UML COMME VISUALISATION COMPÈLTE D’UN SYSTÈME

            UML offre de manière élégante de représenter le système selon différentes vues complémentaires grâce aux diagrammes. UML permet d’économiser de l’argent. Lorsqu’une entreprise désire un logiciel, elle réalise parfois en interne, mais le fait plus généralement réaliser par une société de services. Dans un cas comme dans l’autre il est nécessaire de définir l’ensemble des fonctionnalités que le logiciel doit posséder.
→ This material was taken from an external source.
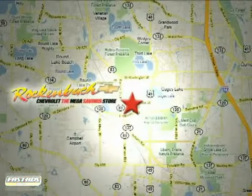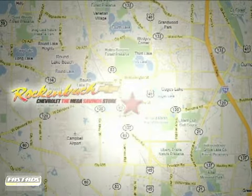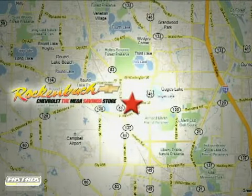That's Rock & Box Chevrolet. We're conveniently located at 1000 East Belvedere Road in Grayslake, Illinois, between routes 83 and 45.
Le demandeur du logiciel n’a parfois pas de compétences particulières en informatique et exprime donc ses souhaits sous forme d’un CdCF (Cahier des Charges Fonctionnelles), c’est-à-dire un document décrivant sous forme textuelle l’ensemble des particularités que le logiciel doit posséder, les conditions qu’il doit remplir (système(s) d’exploitation visé(s)), les écueils à éviter, ainsi que les délais impartis, éventuellement les clauses sur le cout, les langages à utiliser, …

Le CdCF est ainsi distribué à différentes sociétés de services (dans le cas d’une sous-traitance) sous forme d’un appel d’offre, auquel les sociétés vont répondre par un cout, un délai, …  lorsqu’une société obtient le marché et qu’elle décide (si elle a le choix) d’opter pour un langage orienté objet, il lui faut dans un premier temps créer un modèle (c’est là qu’intervient UML) afin :

ü  De présenter au client la façon suivant laquelle elle compte développer le logiciel

ü  D’accorder tous acteurs du projet (une application de grande envergure est généralement réalisée par modules développés par différentes équipes)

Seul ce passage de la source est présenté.